John Western
Professor, Geography
Maxwell Professor of Teaching Excellence
Degree
Ph.D., University of California, Los Angeles, 1978
Specialties
Social, cultural, and political geography, comparative urbanization, Southern Africa, Europe, urban France
Biography
In 2004 his "Africa is Coming to the Cape" was awarded the Wrigley-Fairchild award of the American Geographical Society for the best article published during the three-year period of volumes 89 through 91 of The Geographical Review.
John Western received the Distinguished Teaching Honors of the Association of American Geographers for 2003.
Publications
Most Recent Publications
"What's in a name? Linguistics, geography, and toponyms." Forthcoming (2010) in the Geographical Review (100). Jointly authored with Lisa Radding.

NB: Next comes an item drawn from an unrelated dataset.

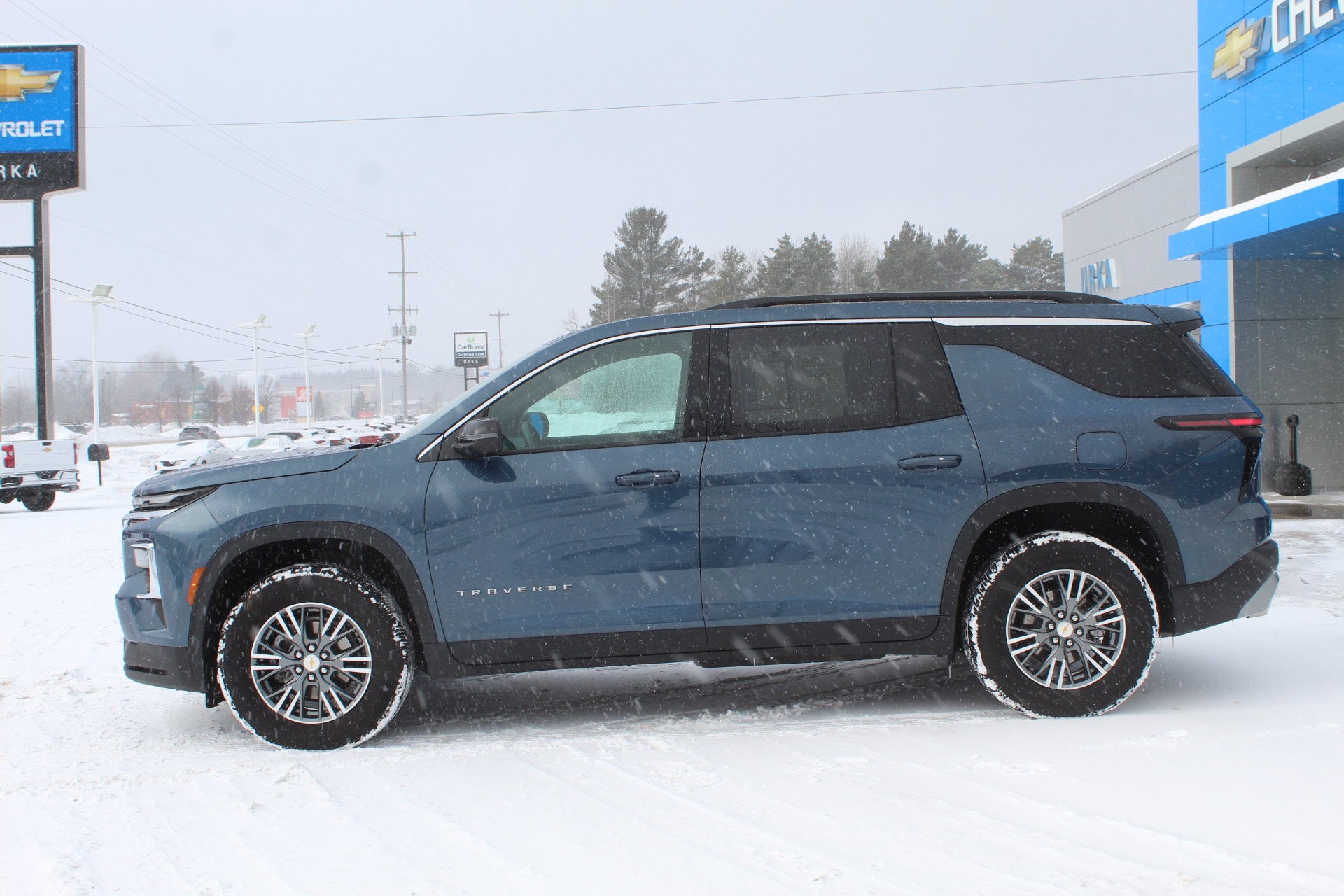2024 Chevrolet Traverse LT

"Russian Dolls or Scale Skippers? Two Generations in Strasbourg." In The Geographical Review, 98, 4 (October 2008), 532-550.

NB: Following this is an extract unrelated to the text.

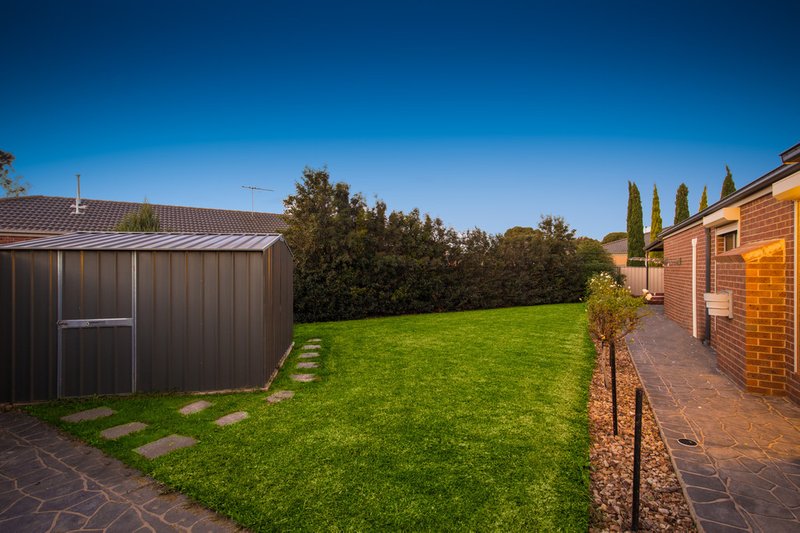 Photo - 23 Hollows Circuit, Tarneit VIC 3029 - Image 15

"Neighbors or Strangers? Binational and Transnational Identities in Strasbourg." In Annals of the Association of American Geographers, Vol. 97, 1 (March 2007), 158-181.

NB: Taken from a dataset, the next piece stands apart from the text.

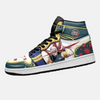 Paire de baskets montantes inspirées d'Uzui Tengen, montrant le design flamboyant du Pilier du Son.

OP-ED: "Racial exclusion erupts into violence in France." Knight-Ridder news service, 11/8/05 (with Arthur Paris). Appeared in, inter alia, the San Diego Union-Tribune, the Orlando Sentinel, and the AAG Newsletter (12/05).
Book Review of The Europeans, by R.C.Ostergren and J.G.Rice, in Geographical Review, 95, 1, (January 2005) pp. 148 - 151.
Principal Publications
Outcast Cape Town (2nd edition, with new Prologue and Epilogue; Berkeley, University of California Press, 1997).
A Passage to England: Barbadian Londoners Speak of Home (Minneapolis, University of Minnesota Press: London, University College Press, 1992).
Outcast Cape Town (Minneapolis, University of Minnesota Press, 1981).
Africa is Coming to the Cape, Geographical Review, 91,4 (October 2001 [2002]): 617-640.
Qualitative Research and the Language Trap, Area, 28, 2 (1996).
A Heap of Broken Images, Research & Exploration,10,1 (1994 ).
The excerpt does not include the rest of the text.